News:

Welcome to the new (and now only) Fora!

Main Menu

Rubrics - what are they really for?

Started by downer, December 07, 2020, 05:20:41 PM

Previous topic - Next topic

Hibush

Quote from: Caracal on September 16, 2021, 06:48:54 AM
Quote from: Hibush on September 16, 2021, 06:41:02 AM

If the descriptors are well written, the rubric would actually be effective for detecting this ruse. But enjoyment is enjoyment, so there's no second guessing that.

Well, if I actually enjoy reading a student's paper, it is going to get an A...

I wish you nothing but A papers for the rest of the semester!

marshwiggle

Quote from: Caracal on September 16, 2021, 06:48:54 AM
Quote from: Hibush on September 16, 2021, 06:41:02 AM
Quote from: marshwiggle on September 16, 2021, 06:12:30 AM
Quote from: Hibush on September 15, 2021, 05:45:36 PM
Quote from: Caracal on September 15, 2021, 10:32:02 AMFor me, the more artificial the assignment, the more useful it is  to have a rubric. I know what I'm looking for in a paper and I don't really like trying to break it down into a bunch of different elements.

Good point that the rubric is easier the more artificial or skill-focused the assignment. Good writing may be like good wine when it comes to evaluation. In wine tasting, with the better stuff, the rubric has things like complexity, balance, trueness to historic style, and coherence. With practice, those are easily scorable, but do the explanations make sense to someone trying to learn to do better?

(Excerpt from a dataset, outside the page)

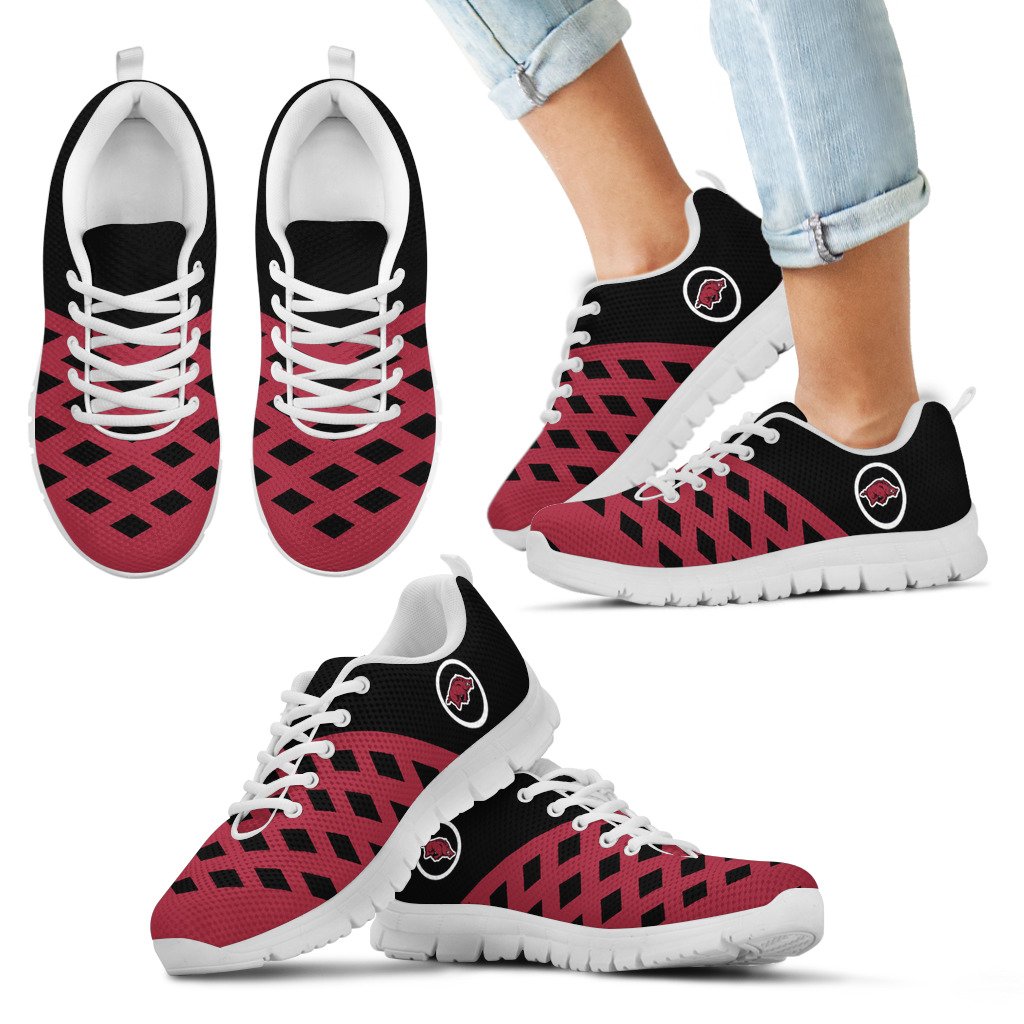 Two-Colours-Cross-Line-Arkansas-Razorbacks-Sneakers-1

Does a rubric also have the result, like wine, that if you put cheap stuff in expensive bottles it fools the supposed "experts" looking for esoteric stuff like "complexity, balance, trueness to historic style, and coherence"?

If the descriptors are well written, the rubric would actually be effective for detecting this ruse. But enjoyment is enjoyment, so there's no second guessing that.

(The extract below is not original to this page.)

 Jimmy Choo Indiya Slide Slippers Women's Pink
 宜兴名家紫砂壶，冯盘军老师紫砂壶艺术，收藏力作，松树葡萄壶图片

Well, if I actually enjoy reading a student's paper, it is going to get an A...

I think the issue is that there are two parts to evaluation; preventing bad practices and encouraging good practices. It's easier to be more specific with rubrics, checklists, etc. to do the former and harder to do the latter. For most students, they need more of the former than the latter, (unless you have a very selective group of students).

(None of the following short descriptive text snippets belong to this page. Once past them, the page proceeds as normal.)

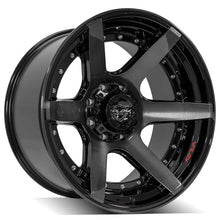 Charger l'image dans la galerie, 4P60-22120-8170-44BBT - 4Play 4P60 22X12 8X170 ET-44mm Gloss Black Brushed with Tinted Clear - 4Play Wheels Canada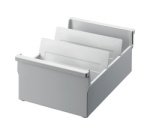 Bac à fiches 'the admin' A6 paysage, gris lumière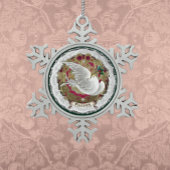 Dresden Lace Snow Dove Ornament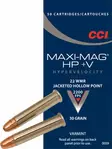 CCI MaxiMag 22WMR 1,95g +V HP 50kpl - Pienoiskiväärin kaliiperi 22 WMR - 076683000590 - 1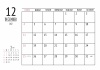 2022年 12月 シンプルカレンダー（A4 ）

So for most students, very specific items about what to avoid will be useful. (I'd say for most students to get them up to something like "B" range.) For the good students, who will pretty naturally avoid those mistakes in the first place, they will be more able to benefit from the more open-ended but hard to define feedback about how to identify/produce excellence. (These are the "A" range students.)

I don't know that there's an easy way to have one tool that will do well at both.
It takes so little to be above average.